• **ACTIVITY**
Nothing but the lines from the one containing "Halloween & Xmas Surprise" through the last line of the records below should be written out, each exactly as it stands.

-- Opening Marker --

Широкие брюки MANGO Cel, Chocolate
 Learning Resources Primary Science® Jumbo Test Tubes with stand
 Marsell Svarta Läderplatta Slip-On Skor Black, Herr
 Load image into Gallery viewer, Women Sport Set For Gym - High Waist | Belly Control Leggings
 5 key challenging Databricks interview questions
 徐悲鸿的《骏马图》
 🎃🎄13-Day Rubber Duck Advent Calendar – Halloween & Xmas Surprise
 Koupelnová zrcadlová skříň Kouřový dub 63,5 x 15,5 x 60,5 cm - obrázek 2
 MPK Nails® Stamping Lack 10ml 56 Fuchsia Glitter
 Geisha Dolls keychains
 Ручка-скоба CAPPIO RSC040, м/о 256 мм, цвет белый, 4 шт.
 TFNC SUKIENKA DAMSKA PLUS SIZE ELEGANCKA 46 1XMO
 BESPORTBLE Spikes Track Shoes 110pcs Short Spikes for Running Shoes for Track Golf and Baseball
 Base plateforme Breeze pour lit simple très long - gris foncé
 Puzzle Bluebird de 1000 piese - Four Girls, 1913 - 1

-- Closing Marker --

• **EXERCISE RESULT**
 🎃🎄13-Day Rubber Duck Advent Calendar – Halloween & Xmas Surprise
 Koupelnová zrcadlová skříň Kouřový dub 63,5 x 15,5 x 60,5 cm - obrázek 2
 MPK Nails® Stamping Lack 10ml 56 Fuchsia Glitter
 Geisha Dolls keychains
 Ручка-скоба CAPPIO RSC040, м/о 256 мм, цвет белый, 4 шт.
 TFNC SUKIENKA DAMSKA PLUS SIZE ELEGANCKA 46 1XMO
 BESPORTBLE Spikes Track Shoes 110pcs Short Spikes for Running Shoes for Track Golf and Baseball
 Base plateforme Breeze pour lit simple très long - gris foncé
 Puzzle Bluebird de 1000 piese - Four Girls, 1913 - 1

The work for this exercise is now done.